According to various websites, for some function $f:X\to R$ we can define a map
$$ D(x,v):= \lim_{y\to x} \sup_{t\searrow0} \frac{f(y+tv)-f(y)}{t} $$
and the Clarke Subdifferential (Def 1) is
$$ \partial f(x) := \{v \in X^* : D(x,v) \geq v\}. $$
The Clarke Subdifferential generalizes the gradient when $f$ is smooth, and the subgradient when $f$ is convex.
Another definition (Def 2) is
$$ \partial f(x) := \{v\in X^* : (v,-1) \in N_C(\mathbf{epi}~f(x))\} $$ where $N_C$ is the normal cone and $\mathbf{epi}~f = \{(z,g) : f(z) \leq g\}$ is the epigraph of $f$.

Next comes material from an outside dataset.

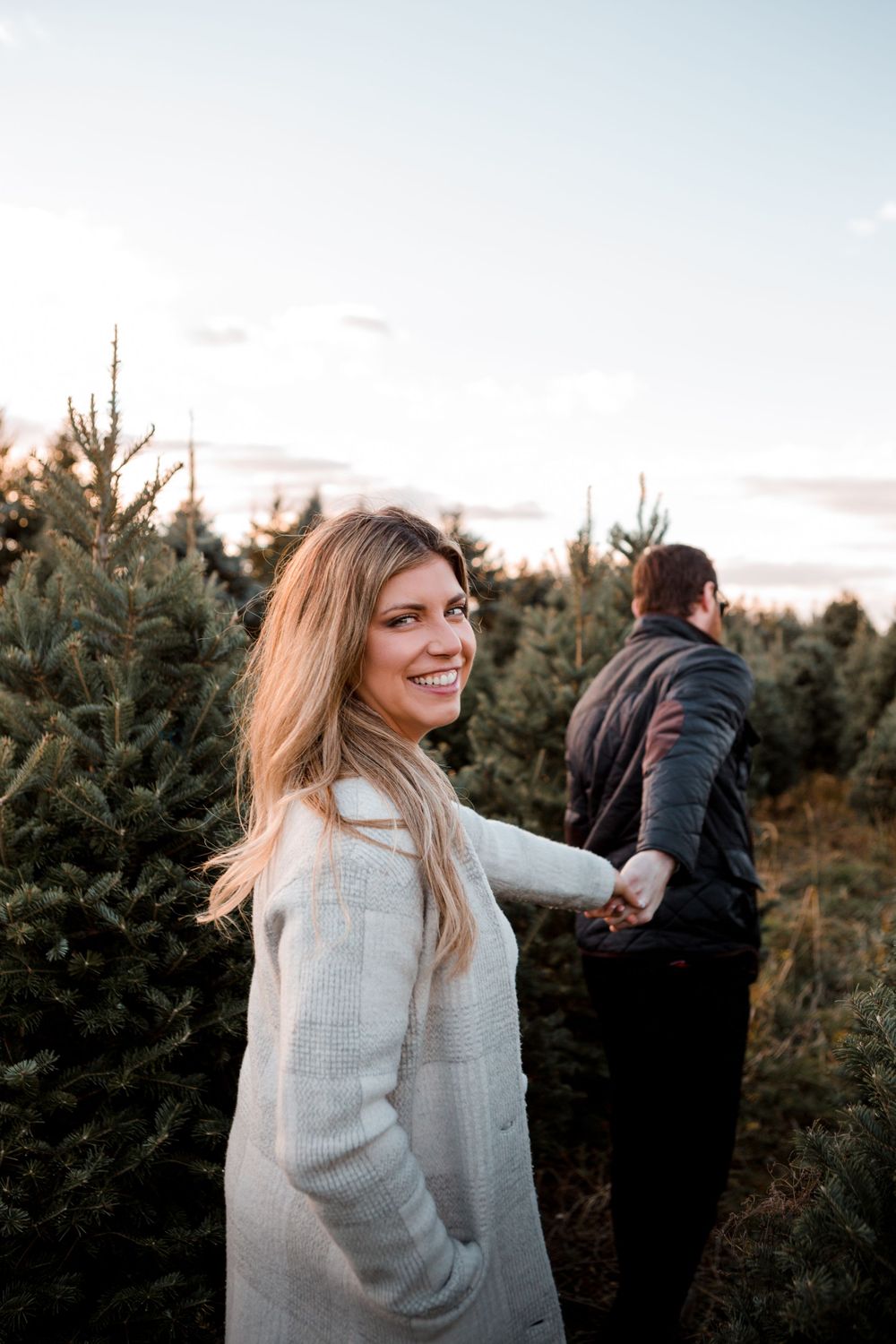 Couple strolling through Christmas tree farm at sunset.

There is another theorem that says that whenever $f$ is Lipschitz continuous, then $\partial f$ is nonempty and convex. In particular, there is an example I have found for $f(x) = -|x|$ (absolute value) where the claim is that
$$ \partial f(0) = \partial (-f)(0) = [-1,1]. $$
(See, for example, Techniques of Variational Analysis by Jonathan Borwein, Qiji Zhu page 191; this page is available freely on Google Books.)
I am trying to understand this from the definition, but it is escaping me.
Let's first look at Def 1. Taking $f(x) = -|x|$ and $y > \epsilon > 0$ and $t <\epsilon$ ($v$ normalize) we get $D(0,v) := -v$. Taking $y < -\epsilon < 0$ we get $D(0,v) := v$. Therefore, by Def 1, we have
$$ \partial f(x) := \{v : v \leq v \text{ and } v \leq -v\} = \{0\}. $$
The second definition is even more strange. For this choice of $f$, the normal cone to the epigraph at $x = 0$ is empty! Therefore, how can the subdifferential not be empty?
Can someone help me with my understanding here?